* [Collected data]:

<<<<

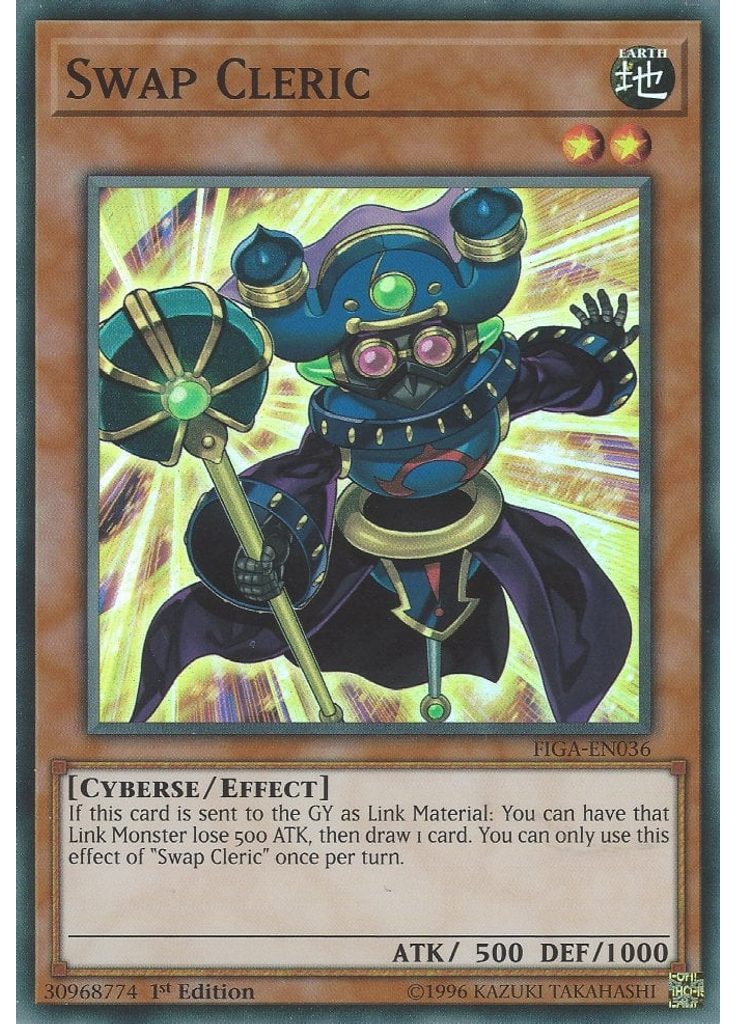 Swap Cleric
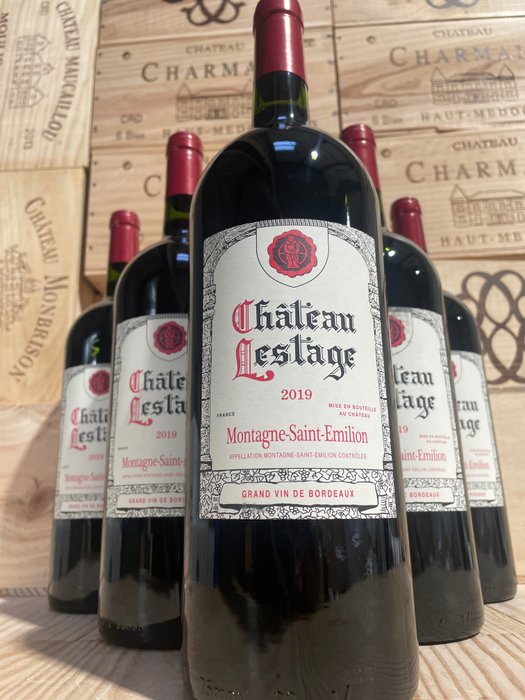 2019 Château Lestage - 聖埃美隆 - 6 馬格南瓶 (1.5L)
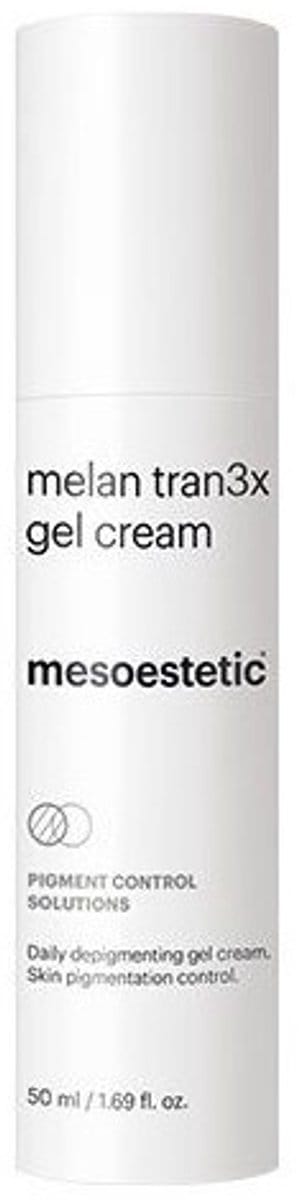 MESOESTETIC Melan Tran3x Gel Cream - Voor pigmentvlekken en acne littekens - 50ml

>>>>

* [Work required]:
These lines alone form the answer: the one containing "2019 Château Lestage - 聖埃美隆 - 6 馬格南瓶 (1.5L)" and every line after it through the end of the material, exactly as written, pictures left out.

* [Solution to this problem]:
 2019 Château Lestage - 聖埃美隆 - 6 馬格南瓶 (1.5L)
 MESOESTETIC Melan Tran3x Gel Cream - Voor pigmentvlekken en acne littekens - 50ml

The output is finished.